Your task: What are the lines below, starting at the line containing "Milky Way above" and ending at the line containing "Luxe Color-Changing Liquid"? Write them out exactly, ends included, without pictures.

[Given information Boundary: Start]

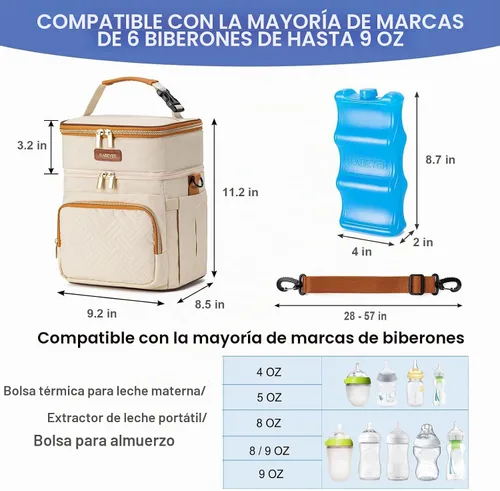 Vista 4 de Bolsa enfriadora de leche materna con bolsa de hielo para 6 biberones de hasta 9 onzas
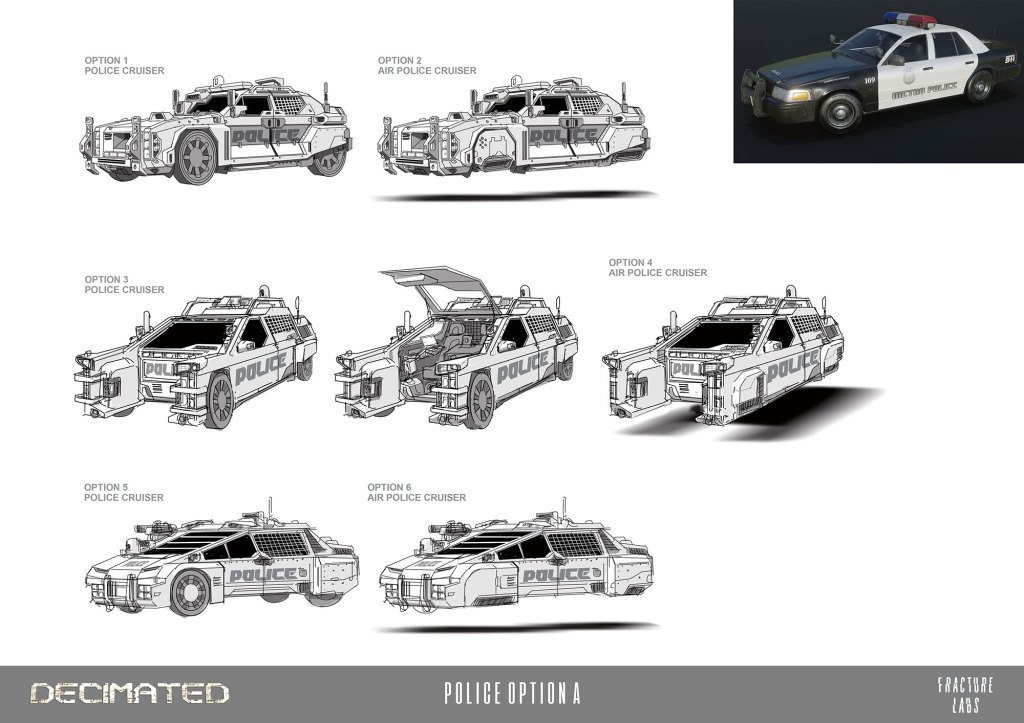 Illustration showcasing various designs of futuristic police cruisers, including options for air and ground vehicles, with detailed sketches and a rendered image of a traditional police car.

[Given information Boundary: End]
[Given information Boundary: Start]

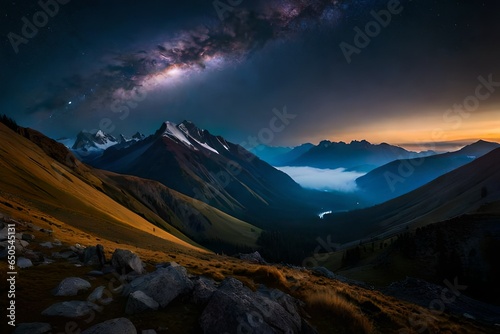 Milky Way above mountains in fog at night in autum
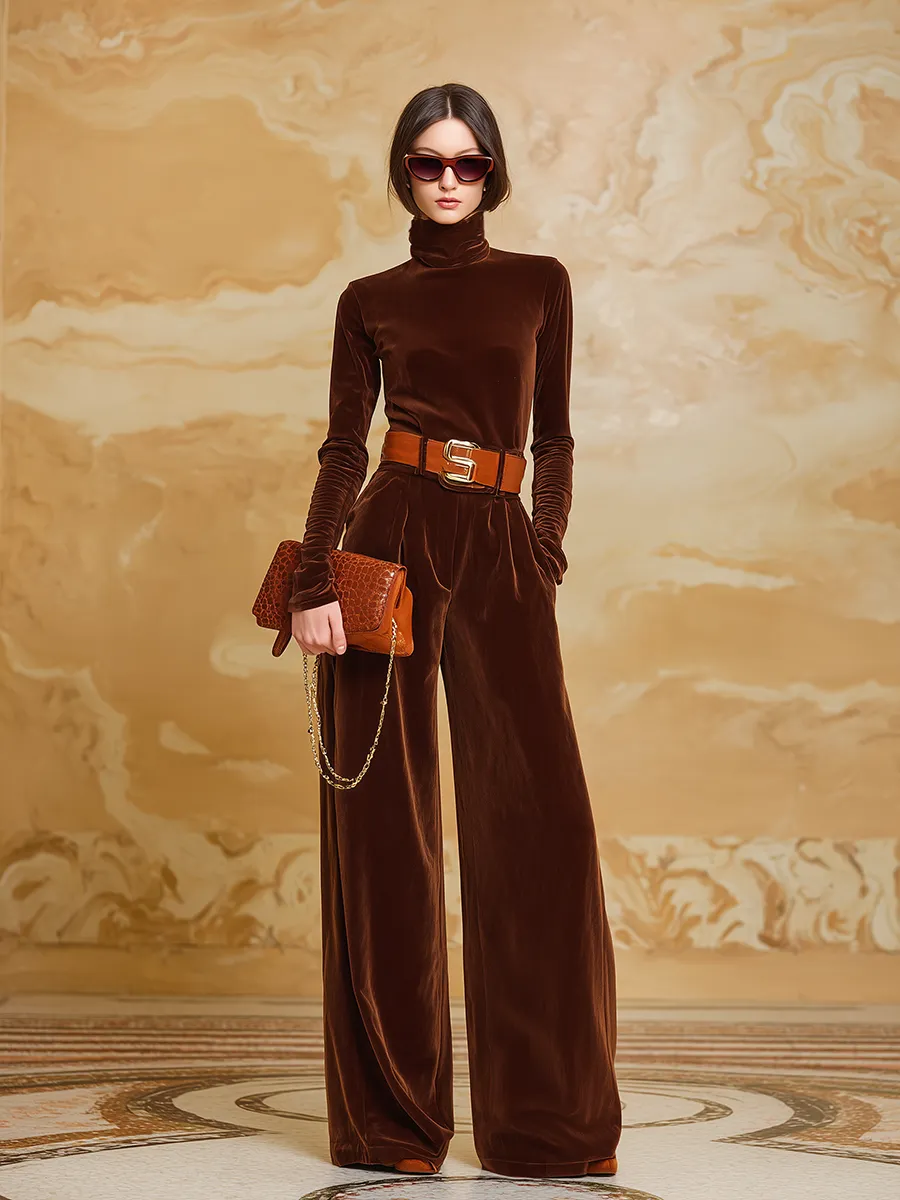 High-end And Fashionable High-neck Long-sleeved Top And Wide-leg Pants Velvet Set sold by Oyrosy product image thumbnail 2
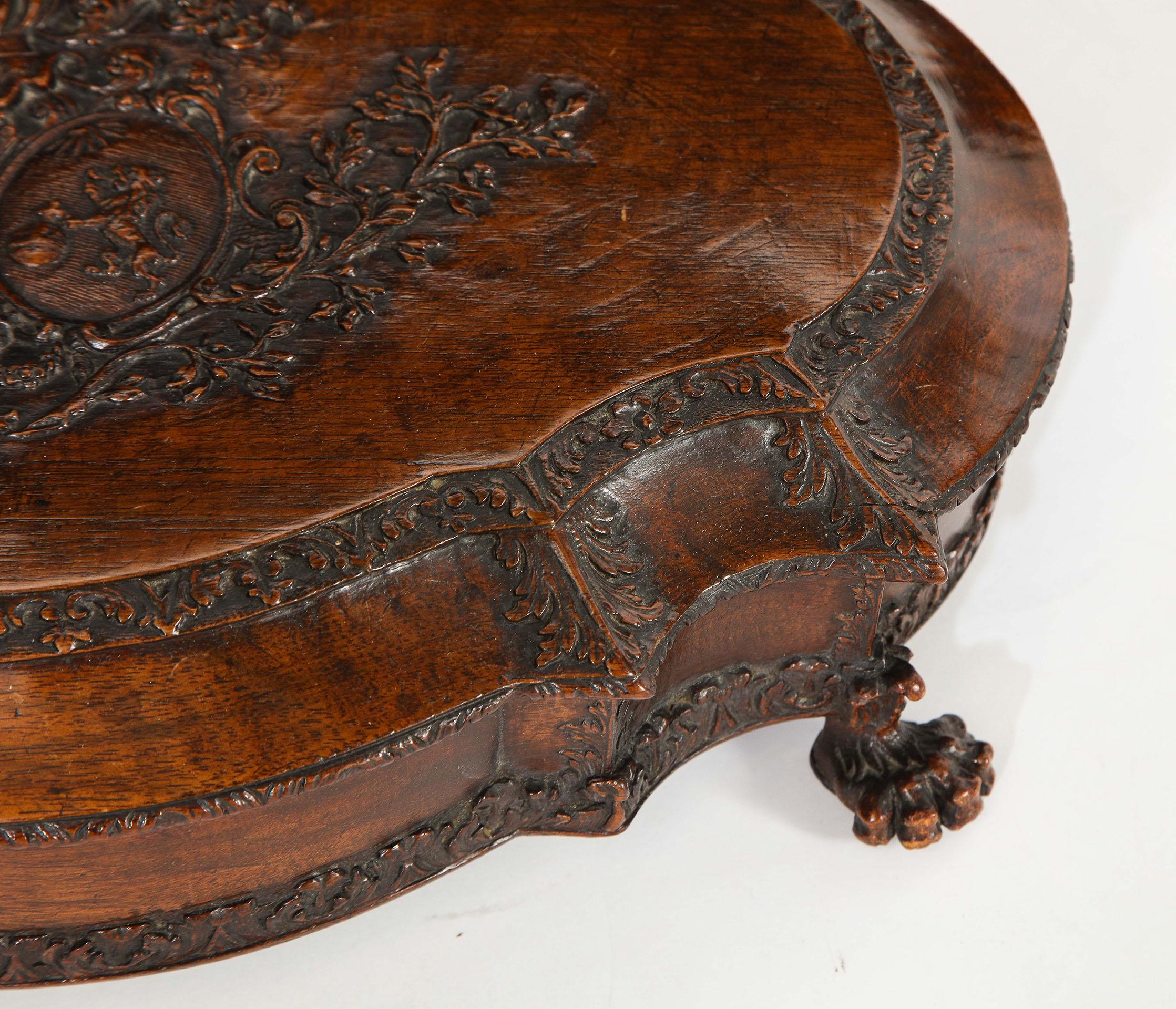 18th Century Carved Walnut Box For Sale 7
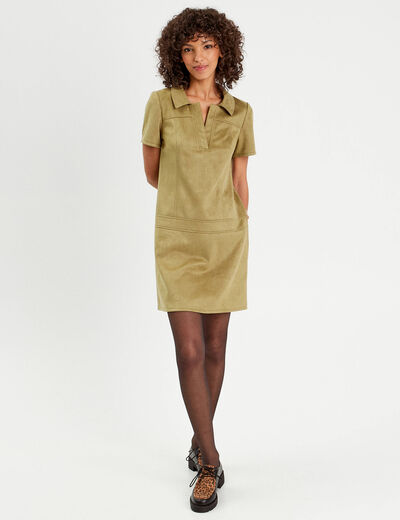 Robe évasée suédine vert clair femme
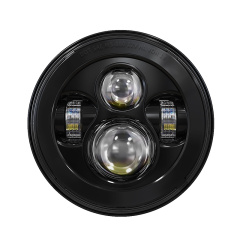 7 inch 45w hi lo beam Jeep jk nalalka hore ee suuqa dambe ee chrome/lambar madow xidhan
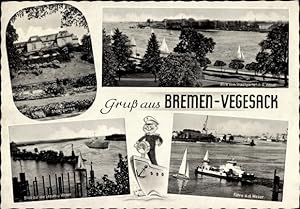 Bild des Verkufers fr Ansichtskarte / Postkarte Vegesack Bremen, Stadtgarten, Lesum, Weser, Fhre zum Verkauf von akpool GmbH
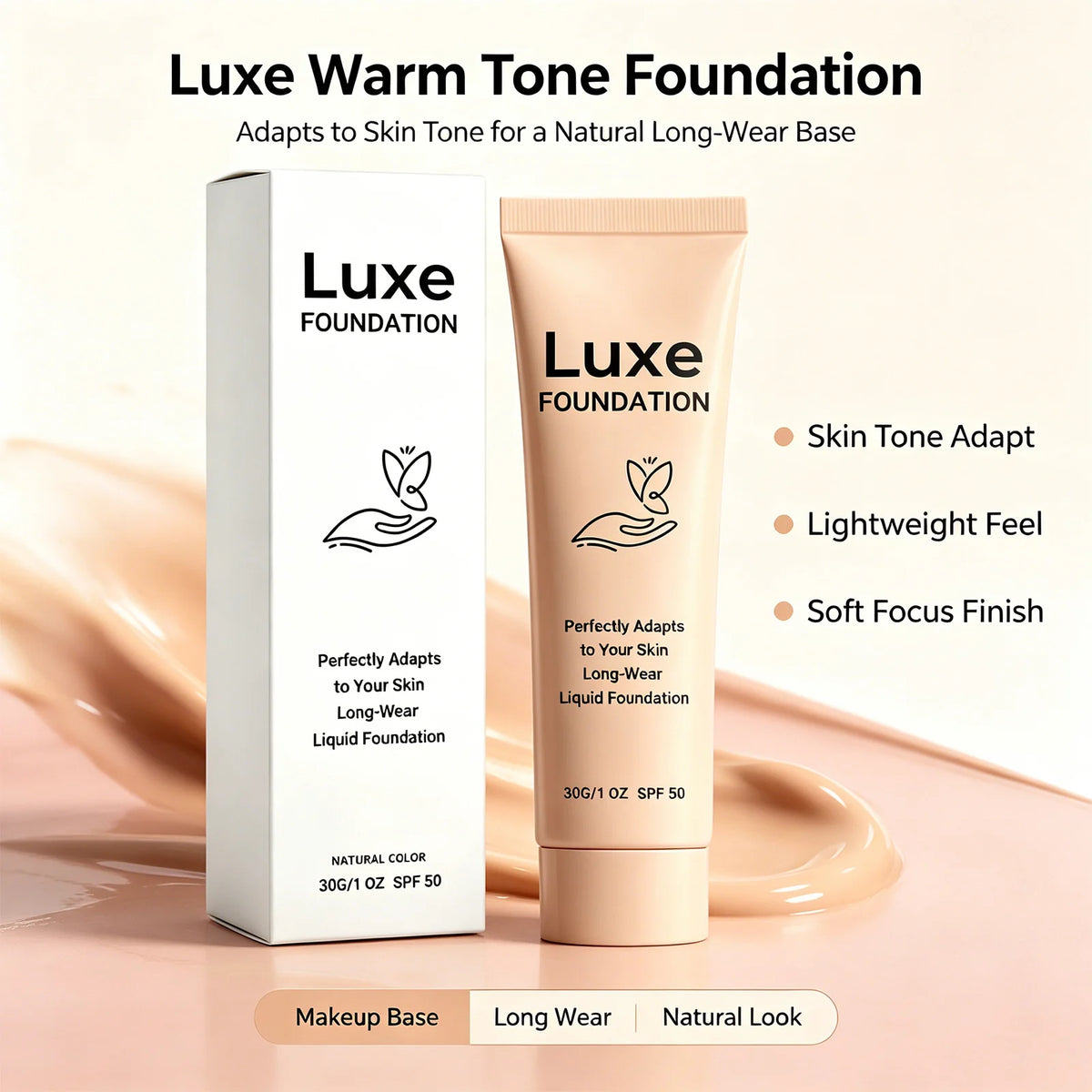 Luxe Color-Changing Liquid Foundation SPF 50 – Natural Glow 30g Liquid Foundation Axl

[Given information Boundary: End]

Output of the task:
 Milky Way above mountains in fog at night in autum
 High-end And Fashionable High-neck Long-sleeved Top And Wide-leg Pants Velvet Set sold by Oyrosy product image thumbnail 2
 18th Century Carved Walnut Box For Sale 7
 Robe évasée suédine vert clair femme
 7 inch 45w hi lo beam Jeep jk nalalka hore ee suuqa dambe ee chrome/lambar madow xidhan
 Bild des Verkufers fr Ansichtskarte / Postkarte Vegesack Bremen, Stadtgarten, Lesum, Weser, Fhre zum Verkauf von akpool GmbH
 Luxe Color-Changing Liquid Foundation SPF 50 – Natural Glow 30g Liquid Foundation Axl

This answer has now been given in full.